Instructions to follow - Look through the data below and output, unchanged, every line from the one holding "Photometry report" through the one holding "股票行情快报:南宁百货(600712)8月22日主力资金净卖出260.74万元", inclusive. Skip the pictures.

Supplied data -
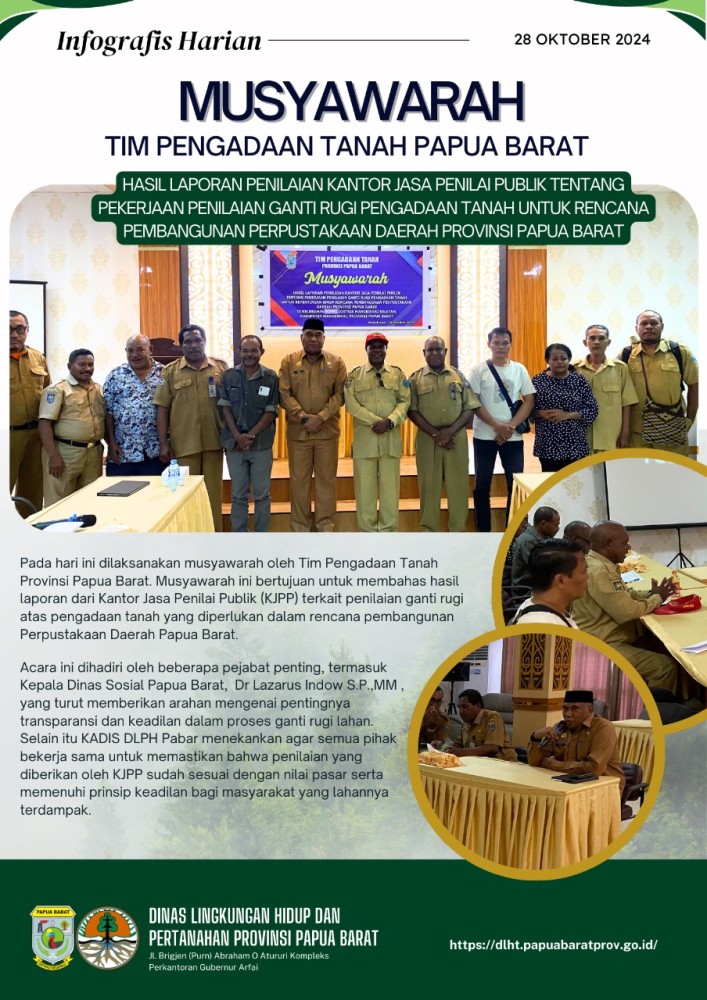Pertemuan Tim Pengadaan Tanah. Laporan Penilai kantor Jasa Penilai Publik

==

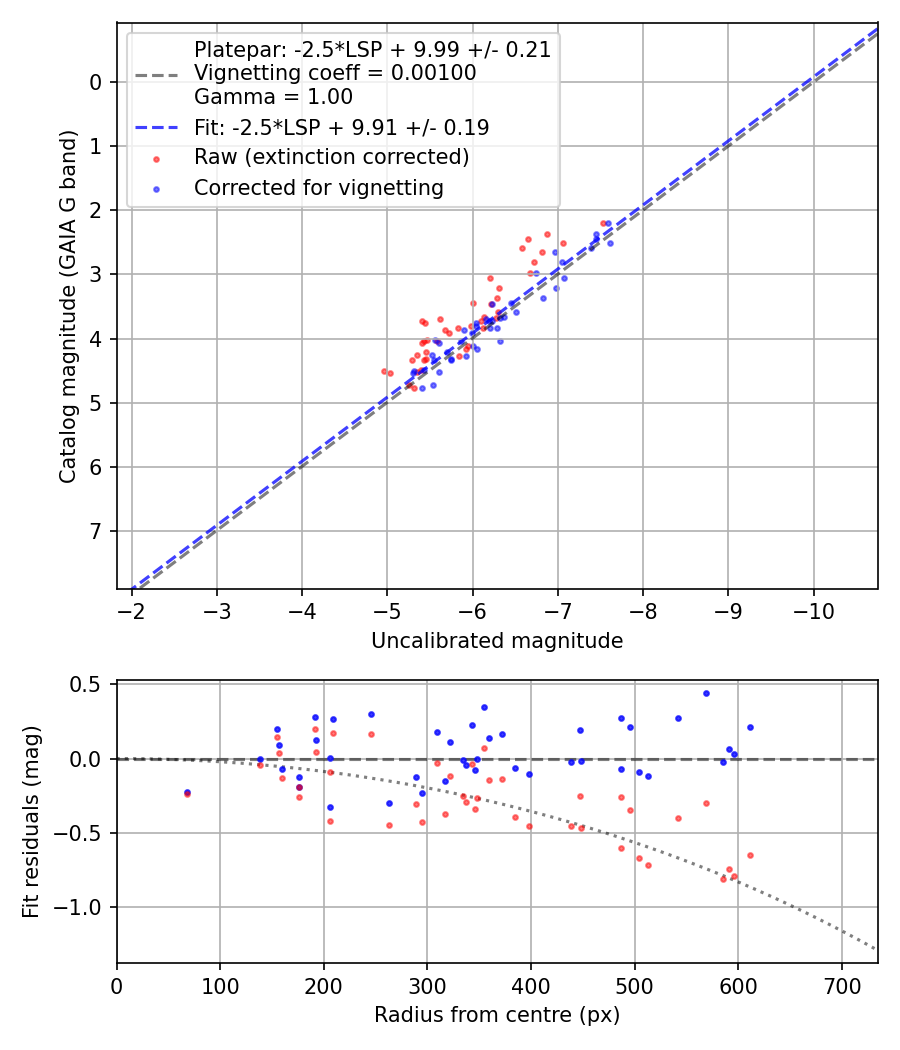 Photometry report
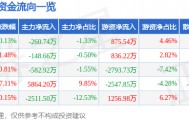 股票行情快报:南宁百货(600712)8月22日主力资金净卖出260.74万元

...

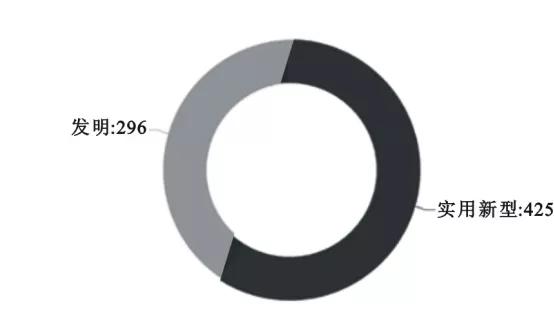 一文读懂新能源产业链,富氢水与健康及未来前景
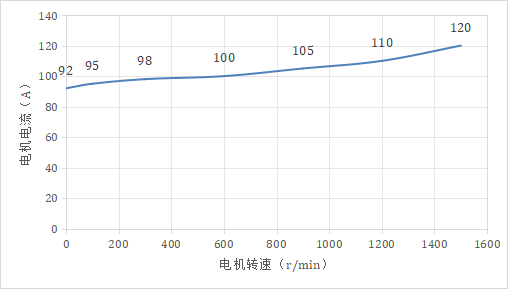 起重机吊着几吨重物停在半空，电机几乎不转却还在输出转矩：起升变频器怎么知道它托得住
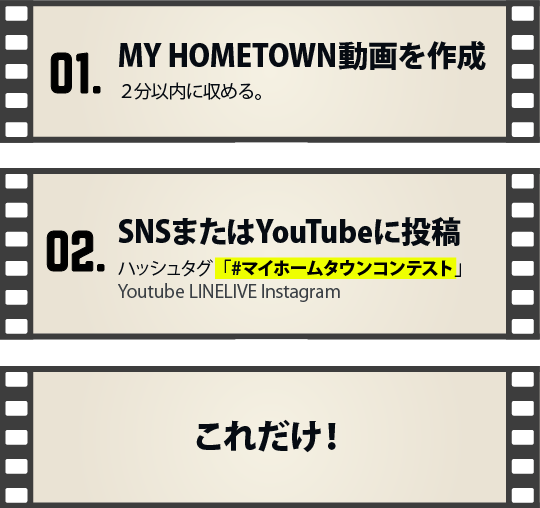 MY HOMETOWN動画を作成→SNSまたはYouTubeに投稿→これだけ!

Answer box -
 Photometry report
 股票行情快报:南宁百货(600712)8月22日主力资金净卖出260.74万元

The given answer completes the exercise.